The notion of exposing individuals involved in drug smuggling through public naming and shaming may seem like a quick-fix solution to address the problem, but it risks overshadowing the root causes and have not yielded the desired long-term results. A more prudent and effective strategy lies in prioritising education and awareness, for it is through knowledge and understanding that we can forge a lasting impact on drug misuse.

Our society, known for its strong sense of community and compassion, must strive for a balance between law enforcement and empathy. While it is essential to hold wrongdoers accountable for their actions, stigmatising them publicly without addressing the factors that contribute to drug smuggling would be unjust. We should be wary of perpetuating a culture of shame that further marginalises those involved in the drug trade, potentially pushing them deeper into a cycle of criminality and desperation.

We must acknowledge that drug smuggling is a multi-faceted problem that requires a multi-dimensional approach. While the police play a pivotal role in apprehending offenders, it is equally vital to consider the social, economic, and psychological factors that drive people towards illegal activities. Understanding the underlying reasons for drug smuggling, such as poverty, lack of opportunities, and addiction, is fundamental to crafting effective solutions.

Education and awareness campaigns are powerful tools that can instigate change from within the community. By fostering a culture of knowledge, we can empower our citizens to make informed decisions, resisting the temptations of drug use and smuggling. These campaigns should extend beyond schools to reach every corner of our society, including families, workplaces, and religious institutions.

Drug education should be a continuous endeavour, evolving with the times and addressing the emergence of new substances and tactics used by smugglers.

We must also not overlook the importance of rehabilitation and support systems for individuals already ensnared by the clutches of addiction and criminality. Empathy and understanding are equally essential in helping them reclaim their lives and become contributing members of society once again.

The media’s role in shaping public opinion is undeniable, and it should be encouraged to focus on the larger picture, providing balanced reporting that not only highlights the challenges but also sheds light on potential solutions. Advocacy for comprehensive education and awareness campaigns, as well as support for rehabilitation initiatives, can influence public discourse, fostering empathy and understanding among citizens.

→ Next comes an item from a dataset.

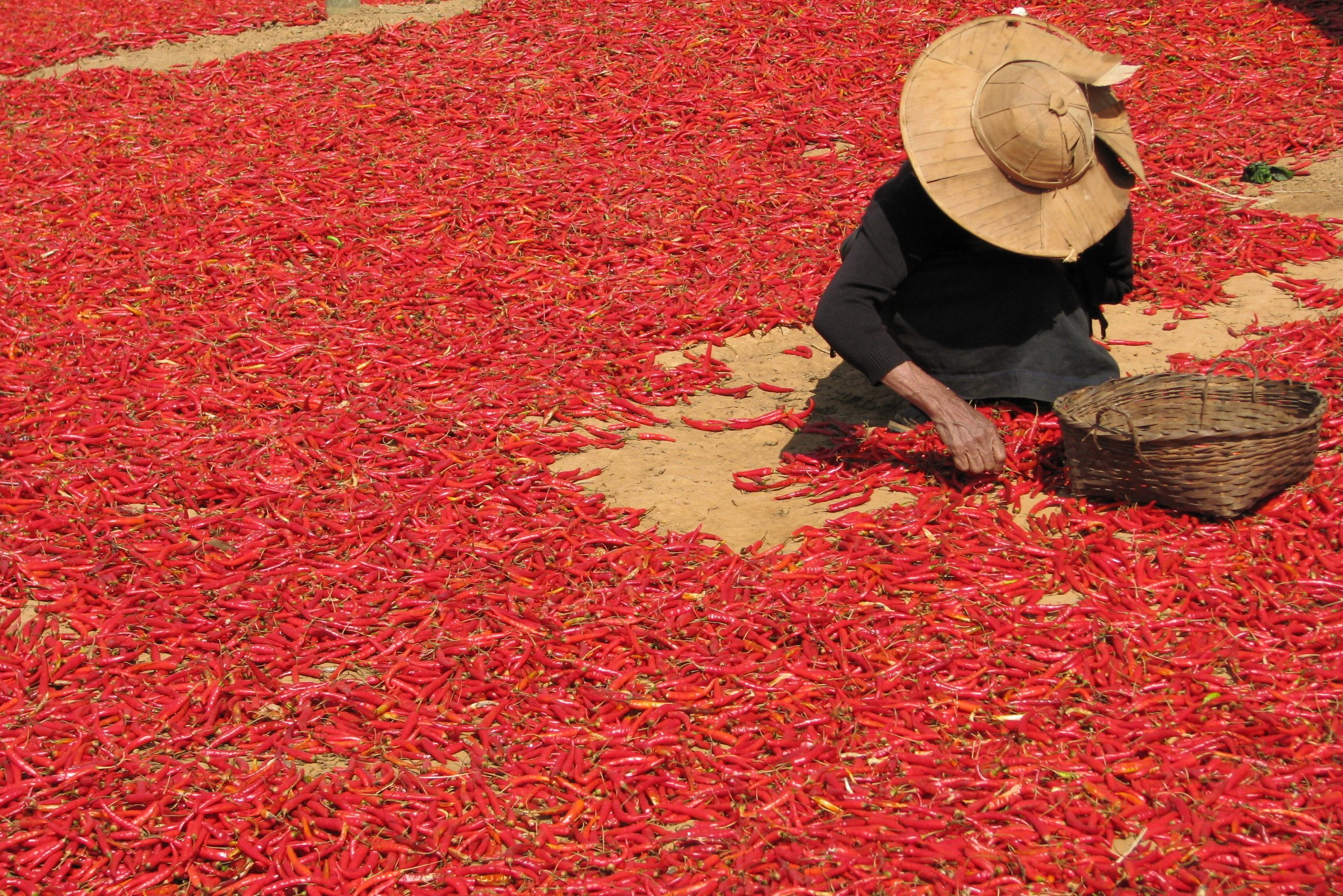 Pepers drogen in de zon Myanmar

Bhutan has long been admired for its pursuit of Gross National Happiness, a holistic approach to well-being that encompasses not only economic prosperity but also spiritual, social, and environmental harmony. As we address the scourge of drug smuggling, we must remain true to these principles, ensuring that our actions align with our national ethos.

While the recent crackdown on drug smuggling is a step in the right direction, there is an urgent need to re-evaluate the name-and-shame approach. Education and awareness campaigns, coupled with comprehensive rehabilitation efforts, are the building blocks for a drug-free society.